-------- Data extract --------

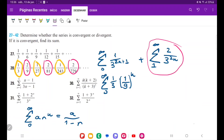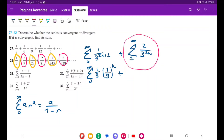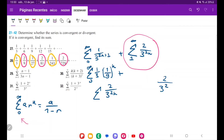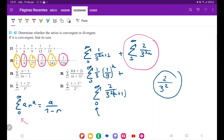Now for the pink series. The index currently begins at 1, but our formula needs it to begin at 0. To adjust the index, I shift it down by 1 and compensate by replacing n with n+1 in the exponent. So 2 over 3 to the power of 2n becomes 2 over 3 to the power of 2(n+1), giving us the sum from 0 to infinity of 2 over 3 to the power of 2n+2.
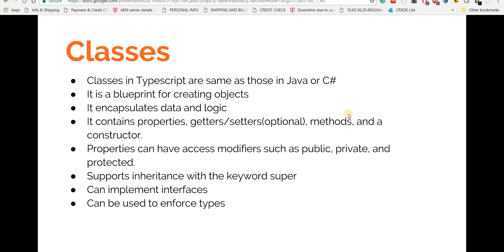Hey guys, welcome back. In this section we'll talk about classes. If you come from a Java or C# background you might already know what classes are. Classes in TypeScript are similar to those in Java and C#. For those unfamiliar, classes are basically blueprints that can be used for creating objects — they encapsulate logic and data in the form of methods and properties.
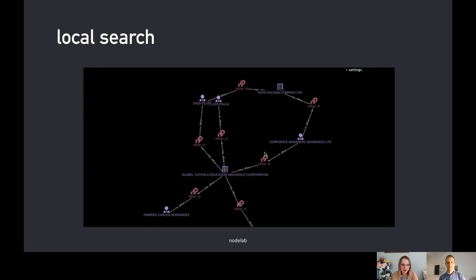That's really nice — you don't have to worry about those connections being lost when you're adding more to the graph. Exactly. And you don't have to ask for them — it'll just tell you.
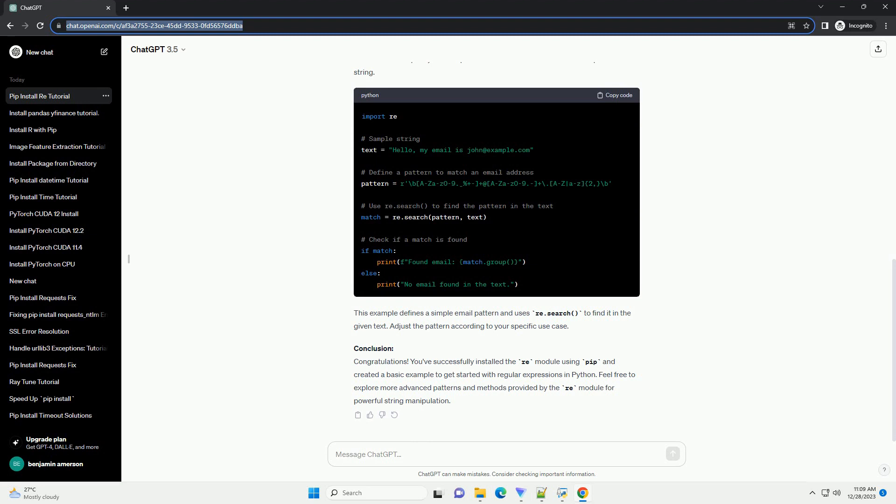Conclusion: Congratulations! You've successfully installed the Re module using PIP and created a basic example to get started with regular expressions in Python. Feel free to explore more advanced patterns and methods provided by the Re module for powerful string manipulation.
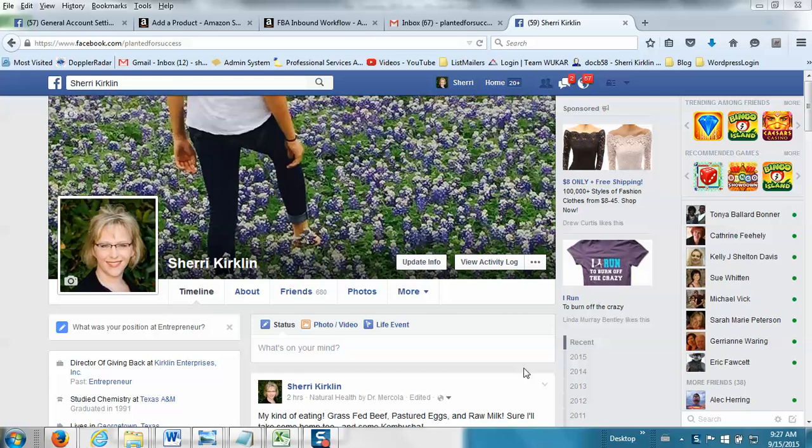Hey Facebook friends, it's Sheri here with this video about how to prevent the Facebook white screen of death.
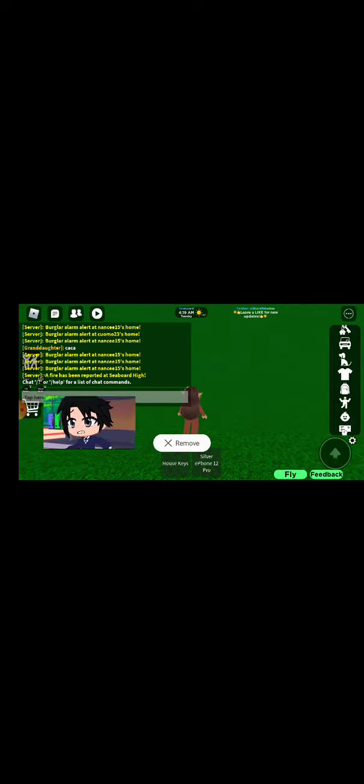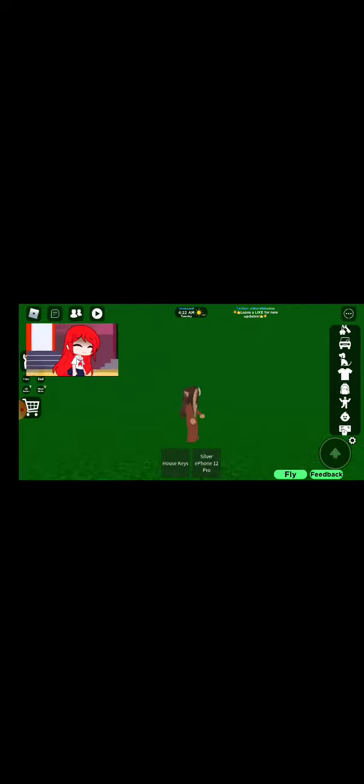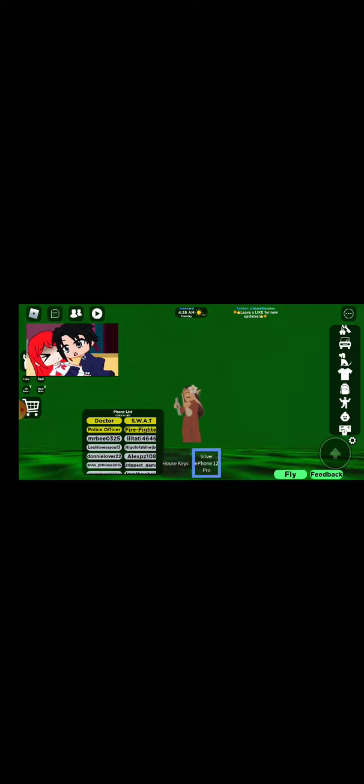Scarlet! Scarlet! Wait up! Finally caught up to you!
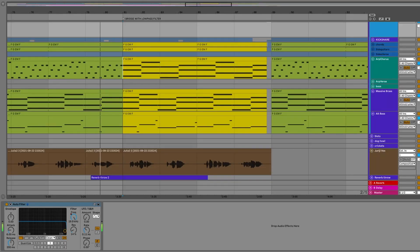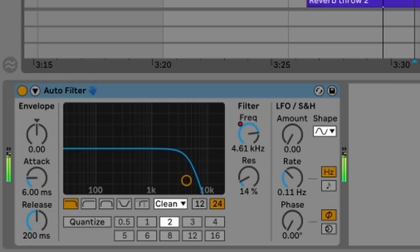And from here we do one more chorus and then there's the bridge, which is a special effect on the chorus like this.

--------

Instructions for the task: Exclude the pictures and repeat the entries word for word.

Result for this exercise:
Now for the pink series. The index currently begins at 1, but our formula needs it to begin at 0. To adjust the index, I shift it down by 1 and compensate by replacing n with n+1 in the exponent. So 2 over 3 to the power of 2n becomes 2 over 3 to the power of 2(n+1), giving us the sum from 0 to infinity of 2 over 3 to the power of 2n+2.
Hey guys, welcome back. In this section we'll talk about classes. If you come from a Java or C# background you might already know what classes are. Classes in TypeScript are similar to those in Java and C#. For those unfamiliar, classes are basically blueprints that can be used for creating objects — they encapsulate logic and data in the form of methods and properties.
That's really nice — you don't have to worry about those connections being lost when you're adding more to the graph. Exactly. And you don't have to ask for them — it'll just tell you.
Conclusion: Congratulations! You've successfully installed the Re module using PIP and created a basic example to get started with regular expressions in Python. Feel free to explore more advanced patterns and methods provided by the Re module for powerful string manipulation.
Hey Facebook friends, it's Sheri here with this video about how to prevent the Facebook white screen of death.
Scarlet! Scarlet! Wait up! Finally caught up to you!
And from here we do one more chorus and then there's the bridge, which is a special effect on the chorus like this.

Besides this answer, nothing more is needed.